Your task: Below are some entries. Transcribe the lines from the one holding "A black graduation" to the one holding "Medik8 Crystal Retinal", inclusive, but not the pictures among them.

Material provided:
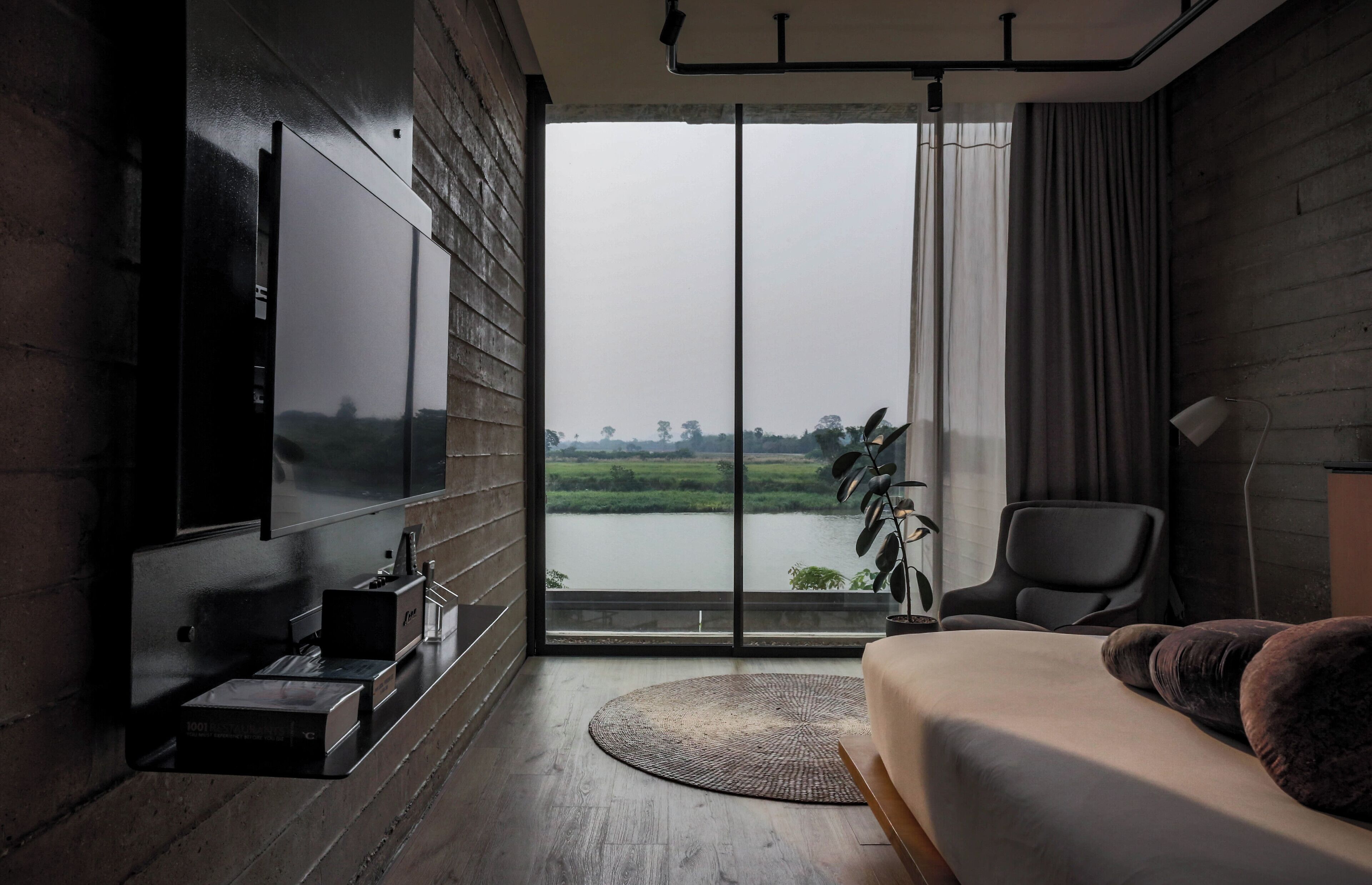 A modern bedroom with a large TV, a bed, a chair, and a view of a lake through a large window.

* * *

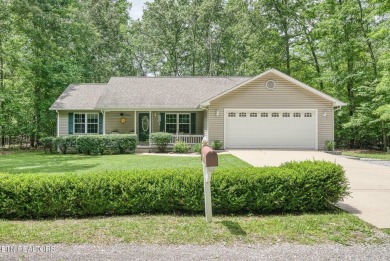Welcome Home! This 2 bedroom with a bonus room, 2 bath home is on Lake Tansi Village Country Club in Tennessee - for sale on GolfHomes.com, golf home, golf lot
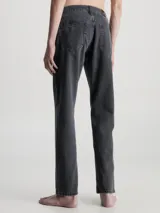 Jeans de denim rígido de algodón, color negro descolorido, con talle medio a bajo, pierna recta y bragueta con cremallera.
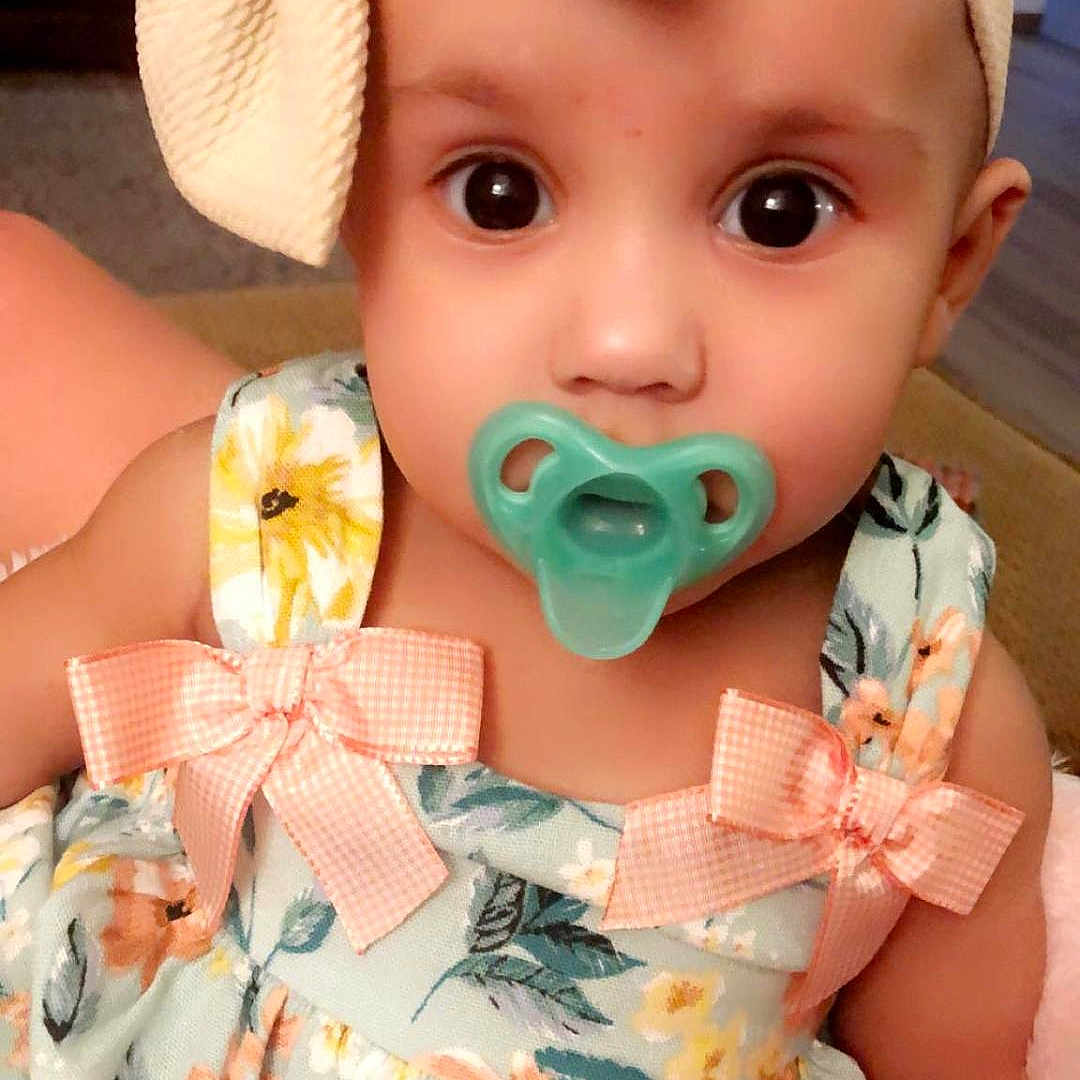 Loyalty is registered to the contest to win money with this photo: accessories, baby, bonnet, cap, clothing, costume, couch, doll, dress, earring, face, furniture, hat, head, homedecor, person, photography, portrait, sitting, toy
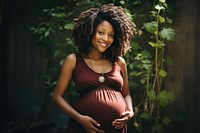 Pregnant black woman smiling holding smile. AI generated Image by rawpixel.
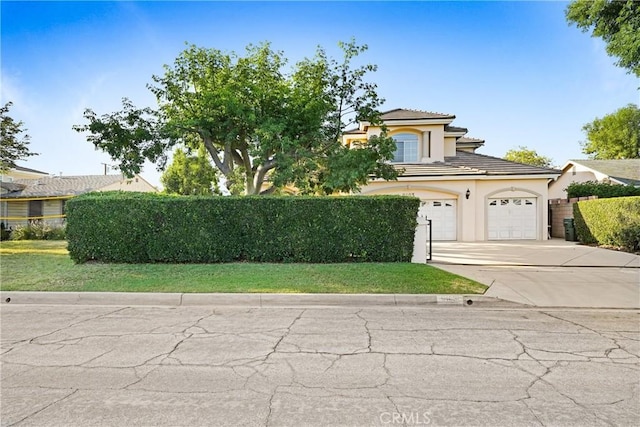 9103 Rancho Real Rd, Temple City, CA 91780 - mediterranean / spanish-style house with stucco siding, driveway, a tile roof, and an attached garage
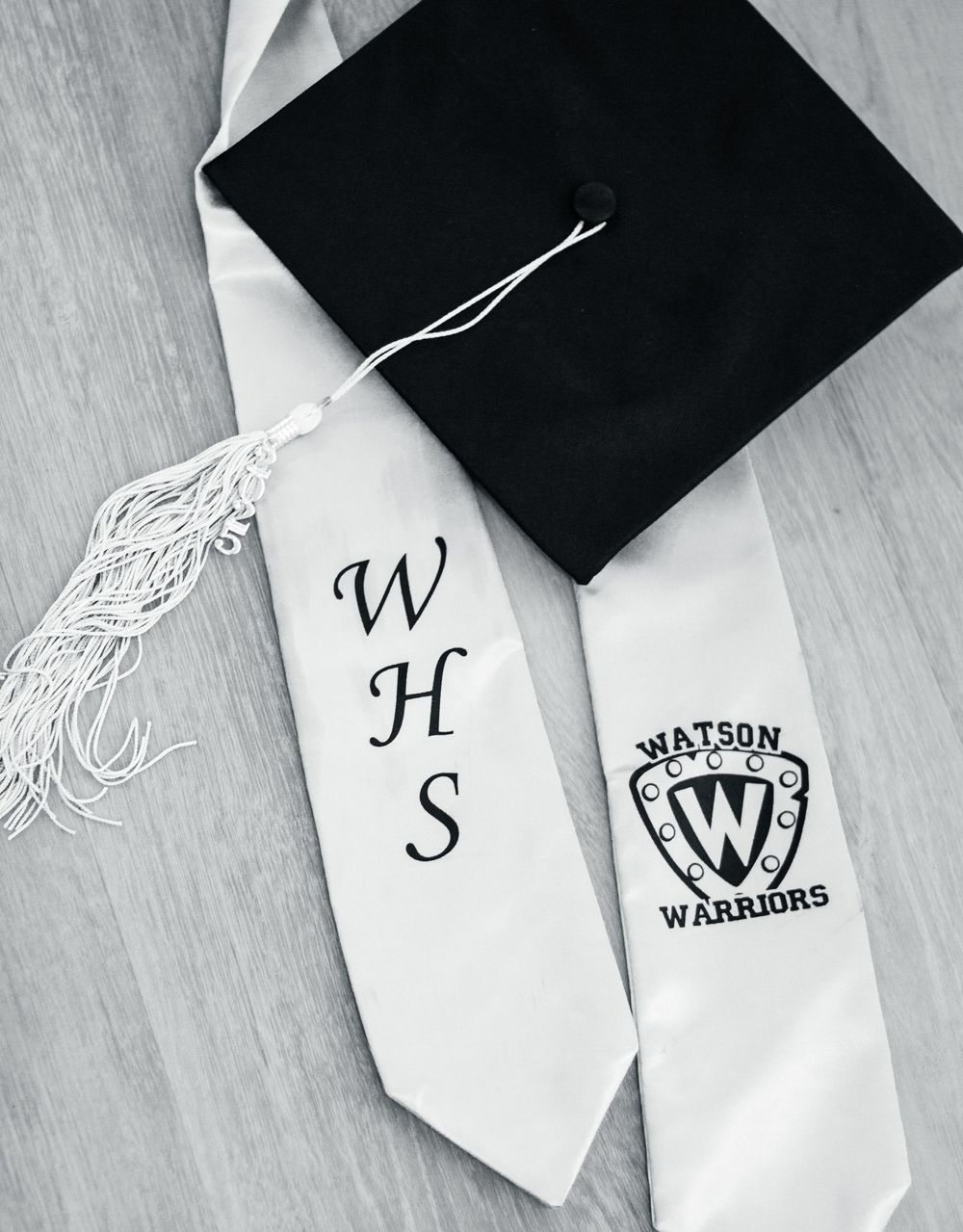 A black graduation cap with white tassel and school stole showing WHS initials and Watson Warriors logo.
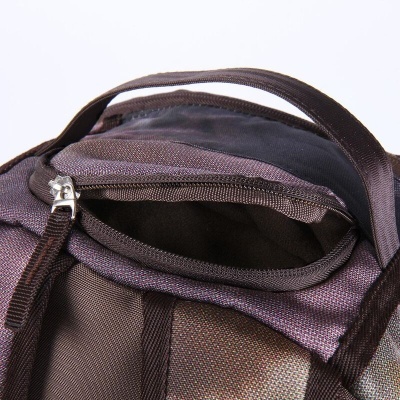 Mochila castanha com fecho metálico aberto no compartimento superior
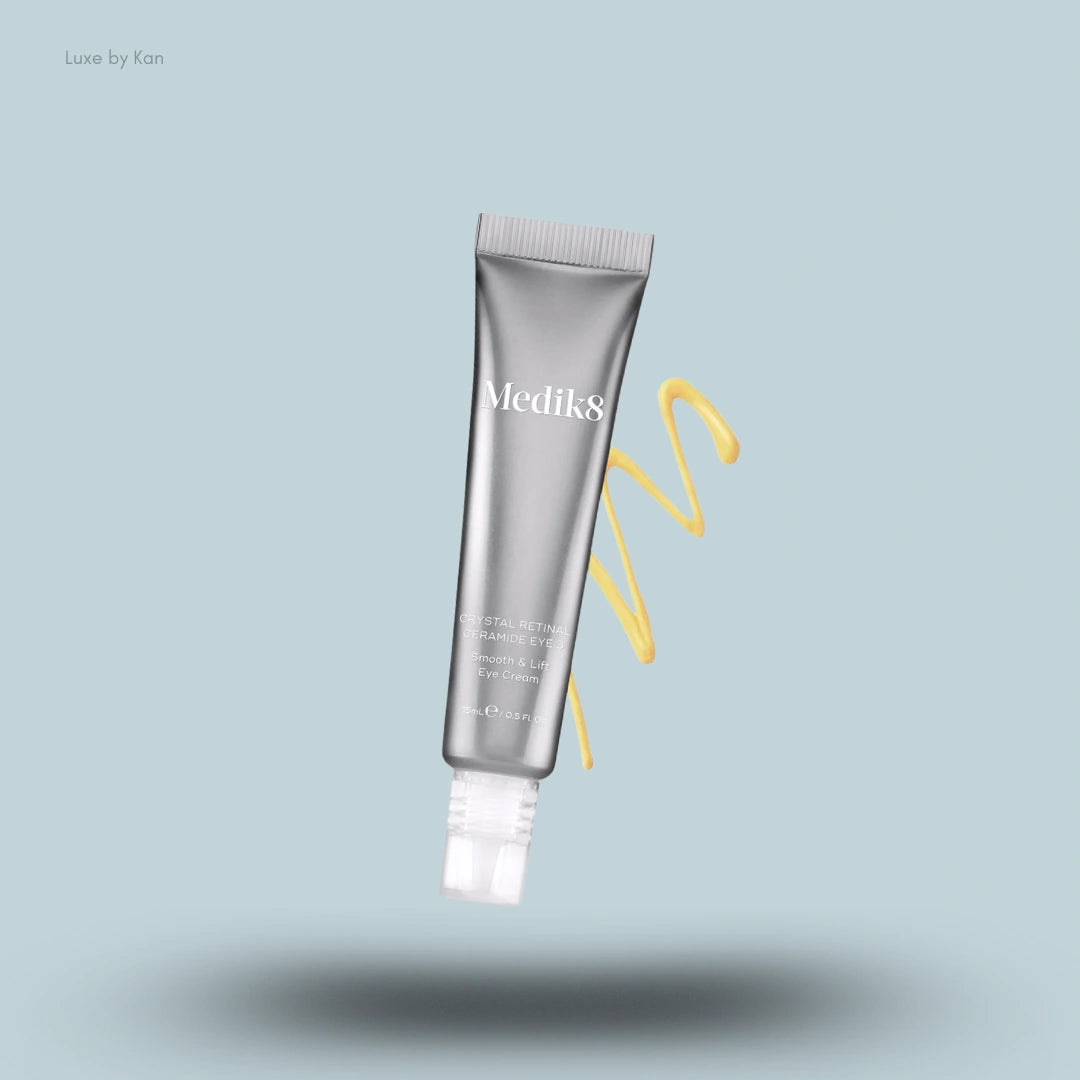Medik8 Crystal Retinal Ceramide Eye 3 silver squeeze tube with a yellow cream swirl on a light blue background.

Exercise result:
 A black graduation cap with white tassel and school stole showing WHS initials and Watson Warriors logo.
 Mochila castanha com fecho metálico aberto no compartimento superior
Medik8 Crystal Retinal Ceramide Eye 3 silver squeeze tube with a yellow cream swirl on a light blue background.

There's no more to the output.